Most of you will be aware that Google announced a new family of Nexus devices on Monday and with it changed the landscape for Android OEMs including Sony. The Nexus 4 smartphone and Nexus 10 tablet are priced so aggressively with cutting edge specs that it will make it very difficult for other Android manufacturers to compete in our view.

However, one of the most attractive features of the new Nexus devices addresses one of the biggest gripes we hear about on this blog, the Android update schedule. The Nexus 4 and Nexus 10 will both launch with Android 4.2 Jelly Bean and then will see vanilla Android updates as and when they are released.

As a quick reminder on the specs, the Nexus 4 has a 4.7-inch (1280 x 768) display, quad-core Snapdragon S4 Pro chipset, 8MP camera, 2GB RAM, 2100mAh battery, NFC, HDMI and wireless charging. It will come with 8GB or 16GB internal storage and no memory card slot. However, you get all of the above for just £239 and £279 respectively. That pricing is frankly astonishing.

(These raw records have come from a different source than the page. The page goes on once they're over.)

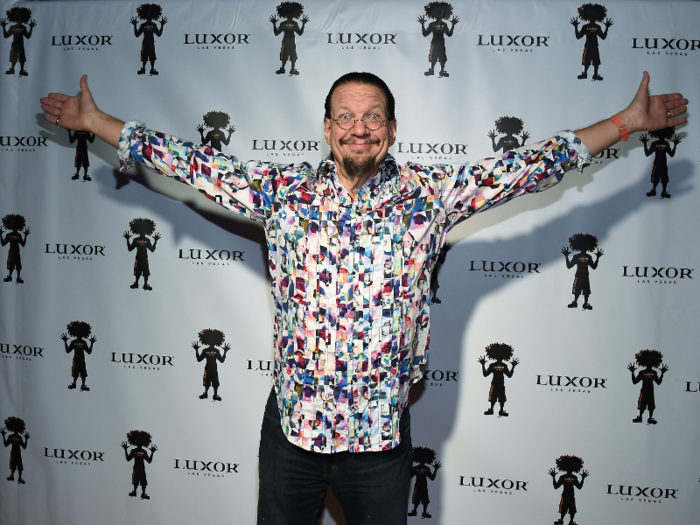 Magician Penn Jillette was already perfecting his magic tricks (and wearing an eccentric wardrobe).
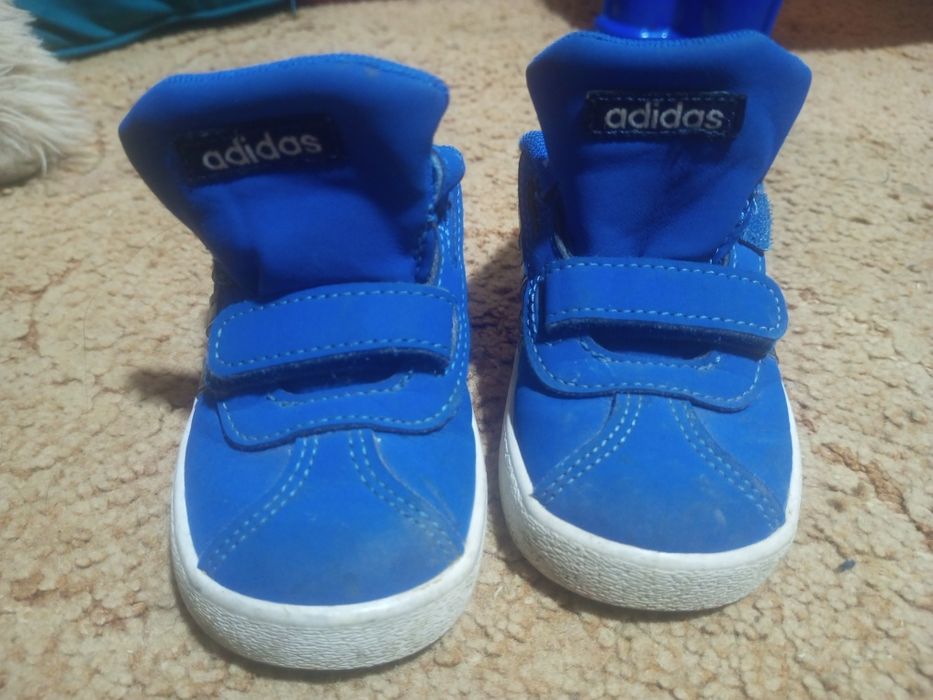 Кросівки на хлопчика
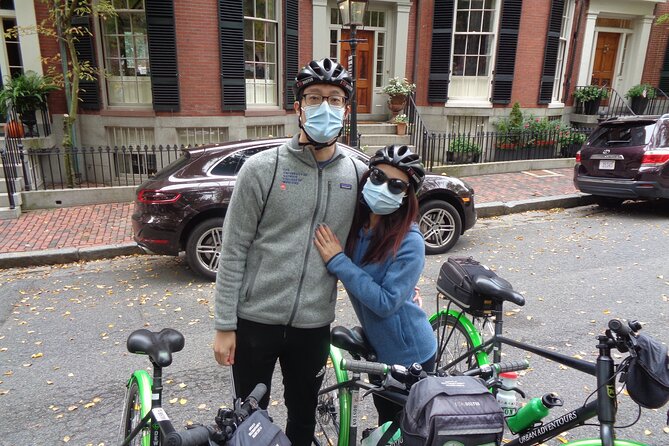 Comfort Hybrid Boston City Bike Rental - What the $58 price includes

Case in point, let’s take the Amazon UK price points of new Sony Xperia devices such as the Xperia T. It is currently on pre-order for £394.99. Now considering that price premium, why would Average Joe consider buying the Xperia T? Yes you get a better camera, design and memory card support, but is that really worth over £150 to the basic consumer? Especially when you consider what advantages the Nexus 4 offers over the Xperia T including quad-core chipset and software support.

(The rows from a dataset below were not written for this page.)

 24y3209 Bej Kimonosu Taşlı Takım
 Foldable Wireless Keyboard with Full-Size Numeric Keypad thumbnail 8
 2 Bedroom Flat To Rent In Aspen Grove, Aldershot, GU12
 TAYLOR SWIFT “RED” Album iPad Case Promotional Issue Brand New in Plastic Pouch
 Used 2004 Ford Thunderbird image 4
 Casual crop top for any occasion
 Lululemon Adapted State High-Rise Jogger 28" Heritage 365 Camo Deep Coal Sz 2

Sony will have to look at pricing just to remain competitive, but with margins as paper-thin as they already are, can the company afford to bring its prices down further? If not, it will have to try even harder to differentiate its offering from other OEMs through design, hardware (Cybershot?) and software UI. Sony will announce its Q2 FY13 results tomorrow morning so we’ll get a sense of how much progress the company has made on the mobile front.

So over to you, how dire do you think the situation is for Android OEMs such as Sony? Does the Nexus pricing set a new precedent for flagship smartphone pricing? Has it convinced you to buy a Nexus over any other OEM and if so how big a part does the Android updates play in your decision? We’d love to hear your views in the comments below.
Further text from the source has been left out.